Shit, he could really have used a nice bloody fight to take his edge off.
As the gate started to open, Rio slipped in as soon as there was a space big enough to fit through. On the far side, she looked into the wide eyes of the guard and knew this was madness. But she wasn’t turning back.
“Let’s go,” she said.
As Luke brought the guard along, he handled the other man like he didn’t weigh a goddamn thing, and when they passed by the pool house, she glanced around, wondering where the dogs were. God, she remembered the attack on that hit man back at Mickie’s apartment building, the ferocity of it all had been so shocking, from the flashing teeth to the grinding jaws, the muzzle running red with blood, the victim’s midsection ripped open, his throat a raw wound.
Abruptly, she recalled coming to, just as it was all over. The wolf had wheeled around on her.
Tears had run from her eyes, both for what she had seen . . . and for what was going to be done to her.
The wolf had approached her, its massive body moving in a coordinated prowl. But instead of attacking her, it had whimpered. Nuzzled at her legs as if it wanted to get her loose if it could. And then it had lain down beside her, like it was protecting her, its regal head up, its eyes shifting to the door, its nose sniffing like it was testing the air for the scents of enemies.

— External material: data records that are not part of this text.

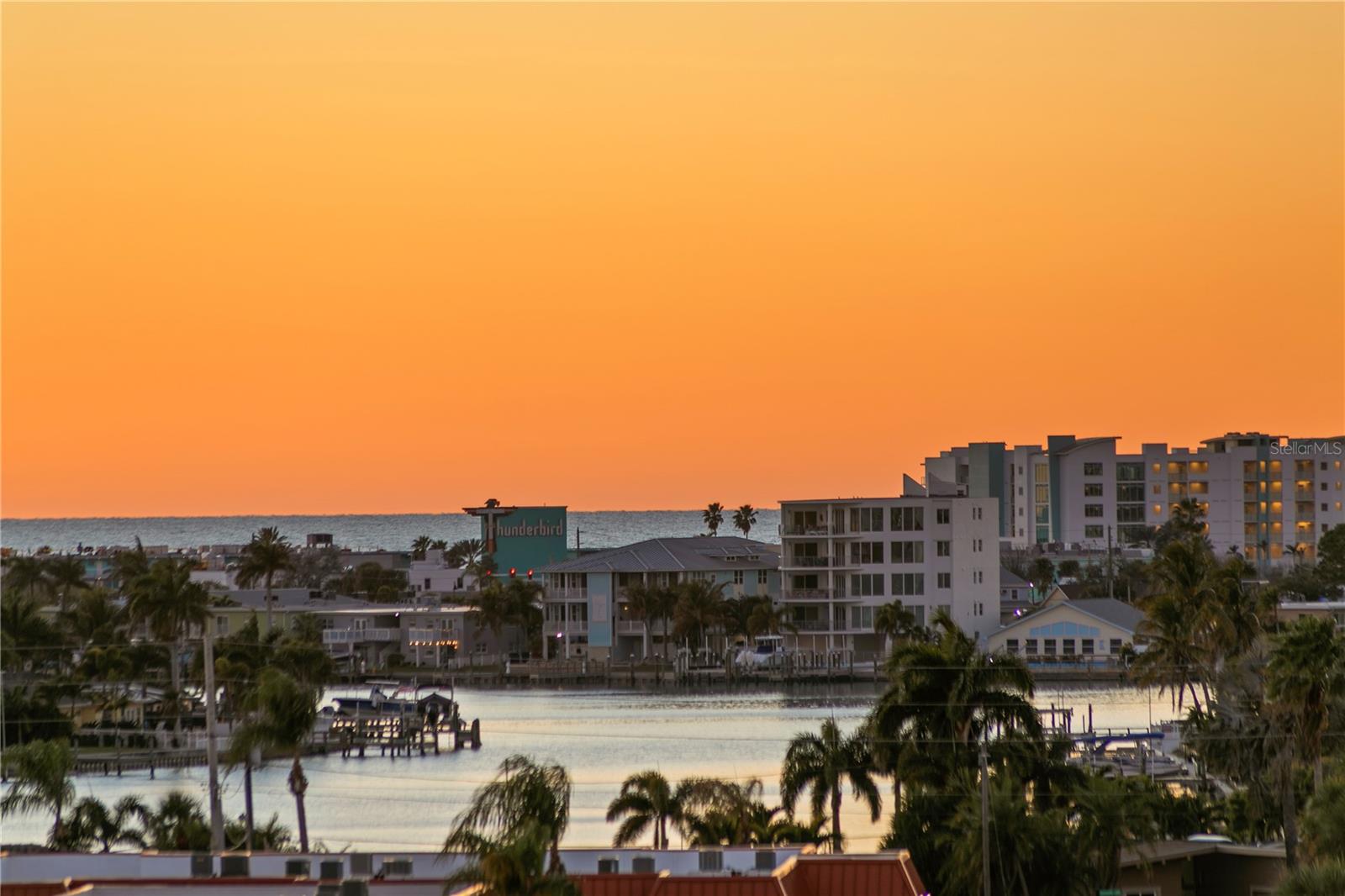 500 TREASURE ISLAND CSWY #704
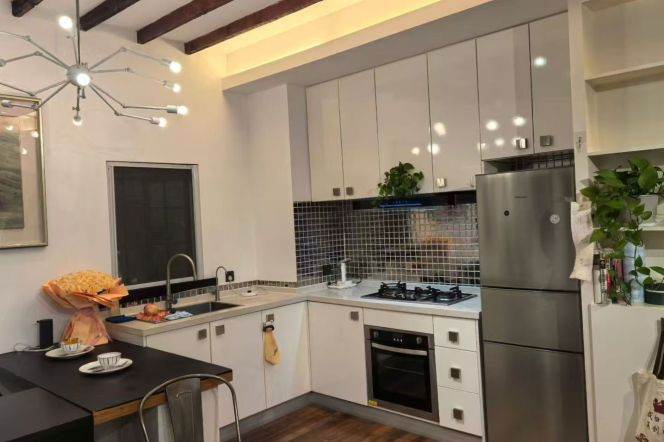 shanghai style old apartment-1bed 70sqm-oven-quiet unit-nice vibe area at Wukang Road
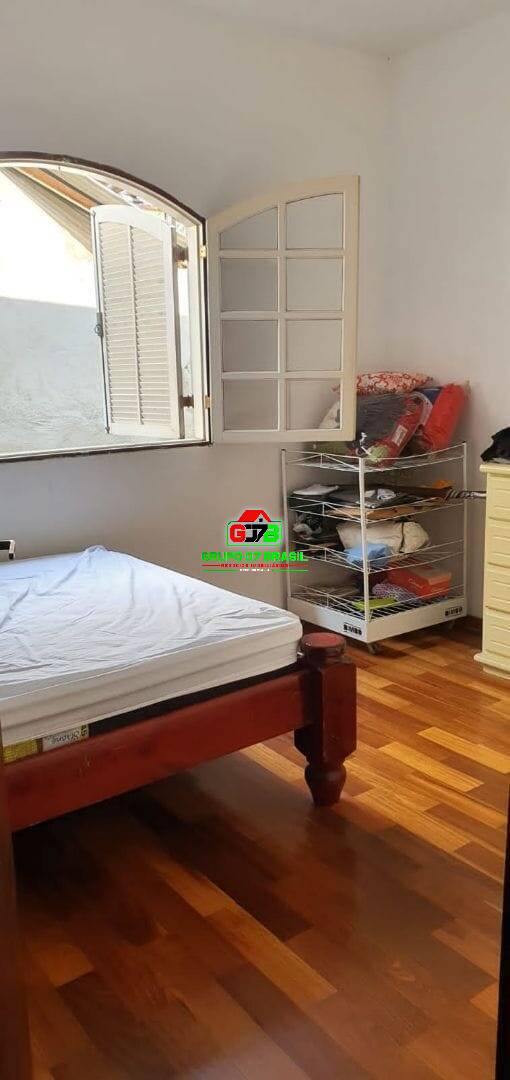 Sobrado à venda com 6 quartos, 200m² - Foto 20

She clearly had passed out again at that point. Because the next thing she remembered was Luke releasing her from all the ties.
“You took the clothes of the attacker,” she said. “Back when you saved me . . . you needed something to wear, and that’s why everything was too small on you.”
Luke looked over. And so did the guard—who, she realized abruptly, was in flannel pajama bottoms and a SUNY Caldwell t-shirt.
“Yeah,” Luke said with a nod. “And I didn’t want you to know what I was.”
On that note, they arrived at the mansion’s rear flank. There was a terrace that ran all the way down the back of the house, but there was no outdoor furniture on it. Obviously, things had been put away for the winter.
And inside, everything had been shut down for the night: All the rooms were dark, no lights on in the lower level. Up on the second floor, however, there was a bank of fixtures still glowing.
“Where are we going?” Luke said to the guard. “How are we getting in.”
“I can’t tell you.”
“Yeah, you can.”
The guard threw out his proverbial anchor. “You’re going to have to kill me now. Because if I let you into his house? He’s going to do so much worse to me. Just . . . fucking shoot me.”
Well, Rio thought, at least they knew they were in the right place.
In a split second that lasted an eternity, José saw the gun of his old friend coming up in his peripheral vision, but it was too late to catch the weapon. And yes, it turned out that the old wives’ stories were true: Your life did flash before your eyes right before you died. In a quick series of heart-wrenching images, he saw himself and his wife on their wedding day, and at the births of their children. He visualized holidays and weekends, and Christmases and Fourths of July.
It was everything that Stan didn’t have and had decided he’d been cheated of, as if some robber had come into his life and taken at gunpoint all of the stuff he’d been due solely by reason of him being alive, character and responsibility and commitment having nothing to do with any of that end result.
God, José didn’t want it all to be over. And not like this.
Knowing he was fucked, José winced and got ready for pain. Or maybe it would happen so quick, he would feel nothing.
He’d been so close to getting out of the CPD alive—
The discharge was so loud because it was right by his ear, and he felt heat, a flash of heat, right by his cheek—
Ping!
The metallic ring was a surprise until he realized it was the lead slug passing through his brain and going into the car’s steel panel. And now came the collapse. He’d seen enough gunshot victims in the immediate aftermath of impact to know that he was going to do what Stan had just done: Slump to the side. Probably knock into the car, too. Then maybe he’d land on Stan’s legs.
After that, lack of consciousness. Followed by death.
And finally, the pearly gates, hopefully—thanks to all those novenas and Hail Marys—
José’s eyes flipped wide—and he fell backward onto his ass, but not because he was dead: A tremendous man dressed in black leather, with black hair, icy white eyes, and a goatee, was standing next to Stan . . . and holding Stan’s gun.